Nationalist sensitivities about anything which made it even conceivable that there could be a return to majority rule have always been the biggest stumbling block to getting a robust Stormont opposition.
That fear is at the heart of the SDLP’s initially baffling decision to row in behind Sinn Fein yesterday in signing petitions of concern to (rather ironically) block attempts to reform the petition of concern system.
Sinn Fein’s Caitriona Ruane claimed that although John McCallister’s intentions were noble, “the outworking of his bill could lead to majoritarianism and the potential undermining of the Good Friday Agreement”.
Rather than legislation, she said that a change to Stormont’s procedural rules - standing orders - could provide for an adequate opposition.
Mr McCallister argues that only legislation will give a Stormont opposition teeth and prevent a future administration simply changing standing orders overnight to deprive their opponents of some of their opposition rights.
There could have been a lively debate within nationalism on that point, with Alex Attwood supporting Mr McCallister and telling MLAs that “putting things in law creates more certainty, avoids doubt and creates more authority”.
Unfortunately for the SDLP, the way in which its petitions of concern emerged at the last minute with no pre-emptive explanation as to why they had apparently changed their position on using the veto mechanism completely overshadowed everything else which the party said.
Last night Mr Attwood was keen to stress that the SDLP did support both the principle of an opposition and – unlike Sinn Fein – the great bulk of Mr McCallister’s bill.
Ulster Unionist Danny Kennedy attempted to reassure nationalist MLAs, telling them: “I see no party or individual in the House wanting to go back to majority-style rule when it comes to the structures of the House. Everyone has to be realistic about that and, in some cases, finally accept it.” Despite those words, nationalists and unionists rarely take each other on trust.
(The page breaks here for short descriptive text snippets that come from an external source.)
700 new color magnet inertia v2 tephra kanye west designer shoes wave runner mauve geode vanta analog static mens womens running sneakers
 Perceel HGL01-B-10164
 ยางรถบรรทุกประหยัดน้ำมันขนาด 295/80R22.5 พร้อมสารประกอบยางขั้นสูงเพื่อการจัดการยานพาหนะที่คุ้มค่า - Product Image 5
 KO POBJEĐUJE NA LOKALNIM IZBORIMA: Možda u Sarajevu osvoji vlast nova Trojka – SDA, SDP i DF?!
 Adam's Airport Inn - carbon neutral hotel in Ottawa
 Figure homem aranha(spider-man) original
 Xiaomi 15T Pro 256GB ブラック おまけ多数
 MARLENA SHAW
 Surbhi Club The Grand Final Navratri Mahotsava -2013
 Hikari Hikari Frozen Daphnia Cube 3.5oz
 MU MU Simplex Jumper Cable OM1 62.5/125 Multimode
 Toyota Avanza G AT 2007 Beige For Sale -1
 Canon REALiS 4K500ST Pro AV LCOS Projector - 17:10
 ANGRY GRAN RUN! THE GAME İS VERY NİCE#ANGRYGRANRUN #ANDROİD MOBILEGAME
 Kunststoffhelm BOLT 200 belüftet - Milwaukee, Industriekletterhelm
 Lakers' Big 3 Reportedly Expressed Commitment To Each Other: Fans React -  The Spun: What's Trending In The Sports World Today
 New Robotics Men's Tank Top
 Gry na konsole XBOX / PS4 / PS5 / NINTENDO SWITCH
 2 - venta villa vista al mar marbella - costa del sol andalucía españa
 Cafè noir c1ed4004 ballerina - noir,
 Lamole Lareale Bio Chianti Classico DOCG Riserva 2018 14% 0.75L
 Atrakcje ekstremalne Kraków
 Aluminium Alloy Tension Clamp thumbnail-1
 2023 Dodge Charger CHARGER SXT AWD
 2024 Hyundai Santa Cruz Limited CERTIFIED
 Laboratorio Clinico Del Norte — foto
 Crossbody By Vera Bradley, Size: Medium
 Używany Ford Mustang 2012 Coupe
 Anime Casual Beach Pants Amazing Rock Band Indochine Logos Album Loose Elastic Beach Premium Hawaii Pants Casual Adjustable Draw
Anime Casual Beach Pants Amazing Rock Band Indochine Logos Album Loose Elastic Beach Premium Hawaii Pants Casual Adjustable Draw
Mr McCallister argues that nationalism doesn’t need to rely on those sorts of promises because his bill retains the D’Hondt guarantee for the major unionist and nationalist parties to be in government.
And weighted majority votes would retain a communal nationalist and unionist veto of anything which either side wants to block. What it would do is make it almost impossible for a single party – as now happens with the DUP, and could happen with a larger Sinn Fein bloc – to veto at will.
The SDLP appeared to initially largely accept that – but for whatever reason its stance has shifted in recent days.